Now you can try the Plaza in the midday heat, you and swarms of other tourists, or you can sneak out of your bed at sunrise and catch Santa Fe before she’s quite ready for you.

Canyon road, the air fresh and light like kisses, the morning yellow bees humming around the purple sage spires, curved folds of adobe draped across the tops of walls and everywhere fleeting moments captured in metal and stone. A bronze horse seems to pause for a moment as you pass by. Wisps of humans seem momentarily frozen, arms akimbo to the blue of the sky.

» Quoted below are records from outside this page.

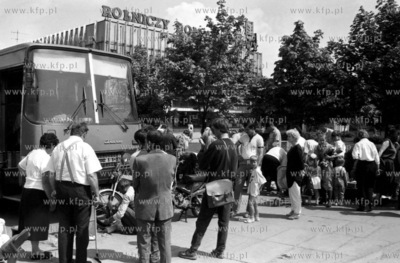 Autobus Ikarus i stoisko z motorowerami na ul. Rzemieślniczej...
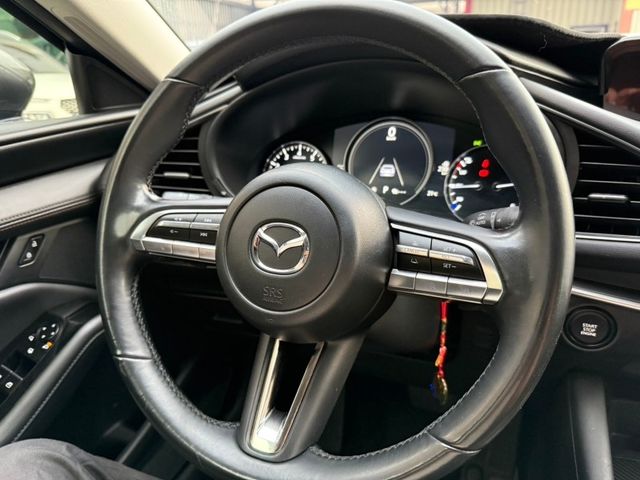 Mazda Mazda3  第8張相片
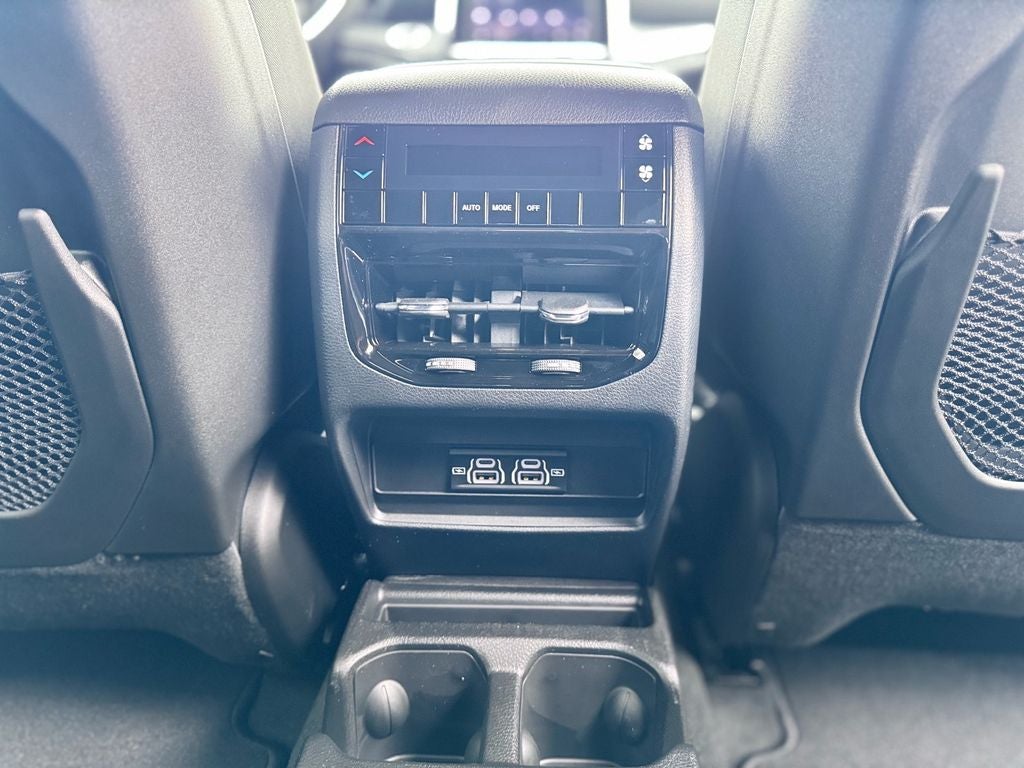 2026 Jeep Grand Cherokee GRAND CHEROKEE L LAREDO 4X2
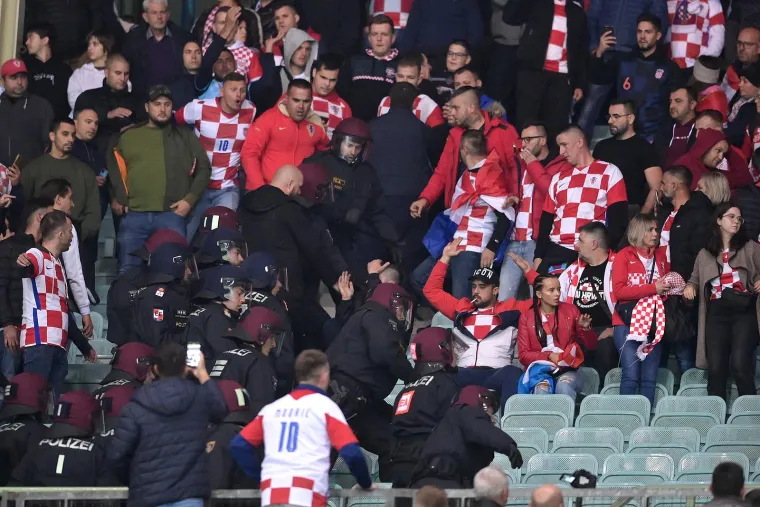 Policija u&scaron;la među Hrvate na Prateru: Do&scaron;lo do sukoba među navijačima, evo o kome se radi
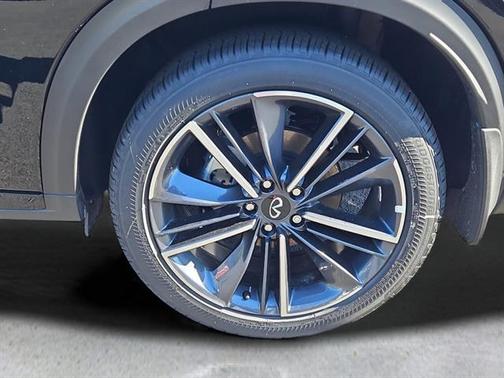 2025 INFINITI QX55 ESSENTIAL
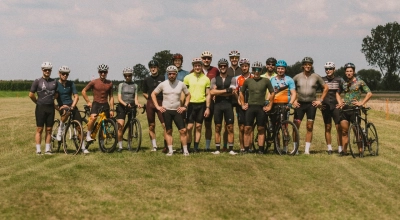 Biznes ucieka z biur na szosę. Ponad 250 founderów buduje relacje w peletonie
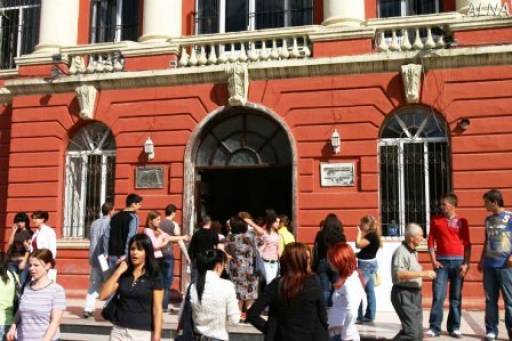 Nis viti akademik: Studentët rikthehen në auditore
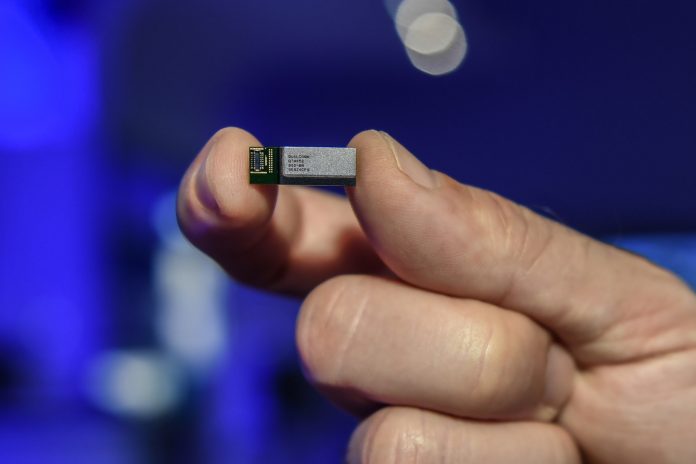 qualcomm-qtm052-antenna-module-photo Qualcomm представи първата 5G (mmWave) антена QTM052 за смартфони
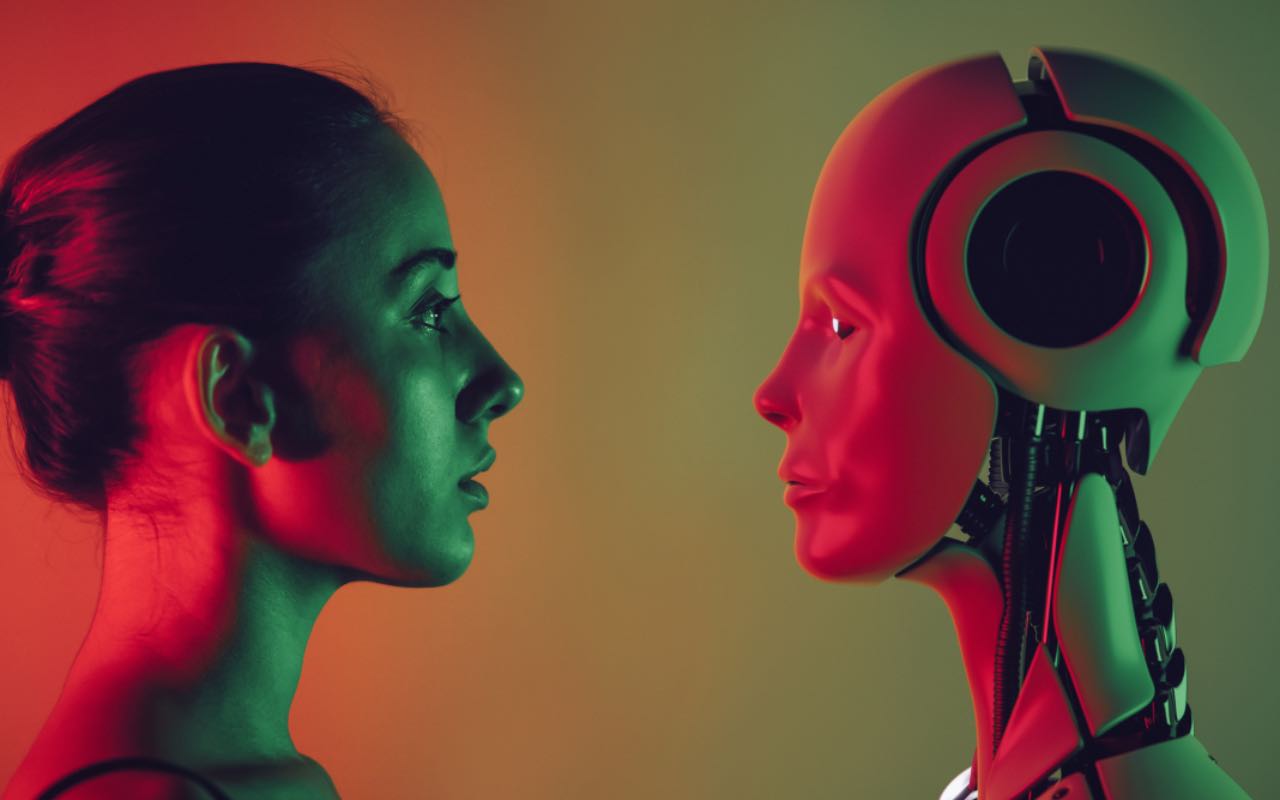 Tinder alerta a la persona con la que estás enviando mensajes es un programa de inteligencia artificial. ¿Por qué lo hace?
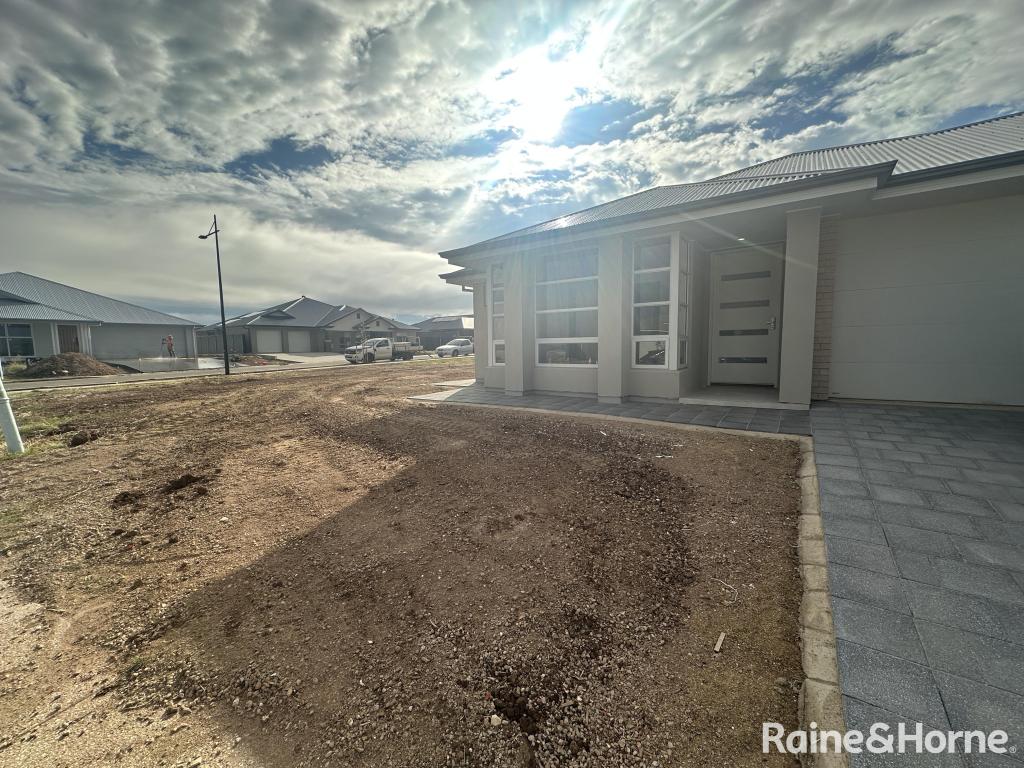 127 Central Ave, Roseworthy, SA 5371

The many art galleries that make this street famous look different in the early morning, more contemplative, somehow stripped of their normal self conscious sophistication, reduced, perhaps expanded, to the naked art without the artifice that inevitably lurks wherever art and money come together.

Curve all the way down Canyon following the sound of the church bells. Take a right on Paseo De Peralta and then left onto Alameida. Follow the Santa Fe River, tiptoeing past the quirky wooden angels all the way into downtown. Turn right at Galisteo with the cafe blasting Sara Bareilles into the still sleepy air. Inside the shadowy staff sway and scrub at counters, prepping onions, peppers and mushrooms for the daily omelette special.

Continue on past an Aladdin’s cave bursting with hundreds of magical flying carpets. Pause at the doorway of a small, dark restaurant, silent and closed for business even as the morning sun plays on the yellow painted front door. Make a mental note to call later, make reservations.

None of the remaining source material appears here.